Mysticism is often misunderstood but is in fact very simple, whatever faith a person follows – a mystical believer is one who emphasises the experience of the divine. There are mystics in every faith but, as a Christian, my mystical experience is of Jesus. My faith journey began with a divine encounter and over the years, bathing in the divine presence became the heart and soul of my practice.
Despite the satisfaction of spiritual experience, I still felt like something was missing, because the idea of the ‘presence of God’ implies that there is such a thing as the ‘absence of God’. I knew this wasn’t true, but still felt a degree of separation. Longing and hungering after God can only spring from a sense of lack, after all.
The day I grasped the heart of mysticism was in the summer of 1997. I was praying in the greasy storage hold of a ship, which was my home at the time, trying to identify the sense of lack I was feeling. I prayed for hours, determined to bridge the gap, when all of a sudden my greatest desire issued from my mouth like a trumpet blast:
“Let us be one!”
Oneness was what I was looking for, rather than contrasting presence and absence. I wanted to breathe the same breath as the divine and revel in our union, as Jesus prayed we would. John 17:21,
“I pray that they will all be one, just as you and I are one—as you are in me, Father, and I am in you. And may they be in us so that the world will believe you sent me.”

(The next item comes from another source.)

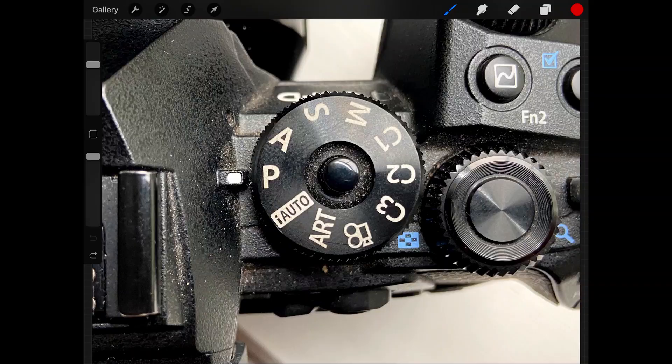The four main settings are P, A, S, and M. P is program mode — think of that as automatic. The camera decides on your aperture and your shutter speed for you. Depending on your manufacturer and your own personal settings, the camera may allow you to control the ISO, but it doesn't allow you to control anything else. It's a good function for pointing and shooting and letting you concentrate on composition, but it's not very flexible.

In that moment, I became aware of God all around my like a cloak, and within me like energy. It’s been over 25 years since that day, and that awareness of union has never faltered, even for a second. Even in the depths of the hardest, darkest times, that tangible awareness of union with the divine has not faded.
That said, a lot of folk seem to think that knowing it’s all about union is the same as deep awareness of union. Being aware that ‘it’s all about awareness of union’ is only intellectual knowledge. It’s an idea rather than heartfelt knowledge. True awareness of union with God is discovered and celebrated through spiritual practice – not to gain something we don’t have, but to embrace that which has already been given to us.
Mystics are not passive; they are adventurers and explorers. We are not asked to simply acknowledge the gift of union, like a present sitting unopened and unused; we’re invited to unpack it.